The Gap provided us with an example of how, in a consumer world transformed by social media, a business can quickly lose control over the conversation among its loyal buyers. The company, long recognizable by white “GAP” letters in a dark-blue box, unveiled a new logo bearing little resemblance to its predecessor. Its stated intention was to update its image.
Literally within hours, a tide of complaints, jokes, and other expressions of disapproval from Gap fans began to rise via social networks, most notably Facebook and Twitter. Websites soon displayed parodies of the new logo. Before The Gap had any shot at a traditional product launch or promotional campaign—before TV viewers could see the logo on real denim over an actual body—Facebook users could choose between joining a group that “hated” the new logo or one that thought it “sucked.”
Two weeks later, The Gap announced it was going back to its old logo.
Traditional media have since been commenting on The Gap’s apparent folly. Some are simply sneering, as they did after the failure of New Coke in the 1980s. Others are trying to pin down the underlying aesthetic problem, offering opinions from “neuromarketers” on why the new logo “made our brains angry.”
My brain is elsewhere. As someone in the business of building meaningful relationships between brands and their consumers, I’m mindful of The Gap and of this particular marketing failure. But my real interest is in the process. I’m interested in how quickly consumers wrested control over the new logo from The Gap and dismissed the company from the marketing conversation. That conversation took place exclusively among consumers, who then rendered a verdict.

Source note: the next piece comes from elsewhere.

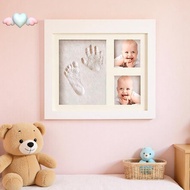 Paw Print Set Dog Cat Animal Handprint Set  Picture Frame 3D Picture Frame for Hanging and Table Dec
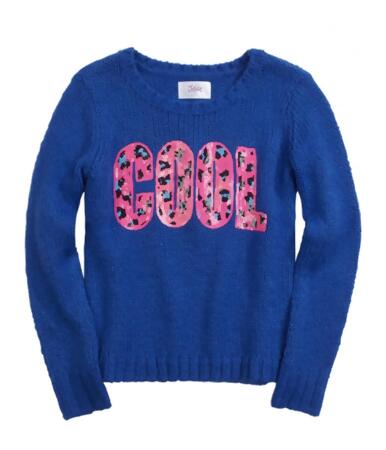Justice Girls Happy Knit Sweater - 6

There’s an important lesson in all this, but it doesn’t have much to do with The Gap’s logo design or how it affected our neurotransmitters. The lesson, and we’re seeing countless examples of it every day, is that social networks have not only changed the conversation between brands and consumers—they’ve changed what it means to have a conversation.
Social media has connected consumers worldwide according to shared interests—according to their tribes. And smartphones have put these social networks right in the hands or pockets of consumers who chat, compare notes, post ratings, create their own spin, and generate their own buzz—all without intervention from a would-be marketer.
Every day, millions of dollars of purchasing decisions are made as the result of conversations that were impossible five years ago. Clothes are picked out and movies and restaurants are chosen after just a few minutes with a mobile device. And, as Facebook Founder Mark Zuckerberg told The New York Times, “Nothing influences a person more than a recommendation from a trusted friend.”
The Gap was just the latest company to learn a hard lesson about how the conversation has changed. But it’s absurd to think The Gap’s experience was anything like the marketing failure of New Coke twenty-five years ago. Coca-Cola’s attempt to change its product was conventional. By the standards of the day, consumer reaction against New Coke was swift, but the verdict wasn’t rendered until there had been a massive media launch followed by counterattacks from the competition. In every way, it was a battle in conventional media between conventional advertising gladiators. Coca-Cola never lost control of its message; it just lost a marketing bet.
By contrast, The Gap logo never got off the launch pad. But it might have. The Gap considered using crowdsourcing in developing the logo. That might have created a more egalitarian mood as the conversation moved to the social networks. At the very least, making smart use of the social networks would have enabled the company to remain in the conversation over its own brand.
Social networks show us that businesses and marketers can no longer control the conversation about their own brands. The best we can do is influence that conversation. In the age of social media, brands will simply confront one disaster after another if we fail to integrate effective social networking into our marketing strategies.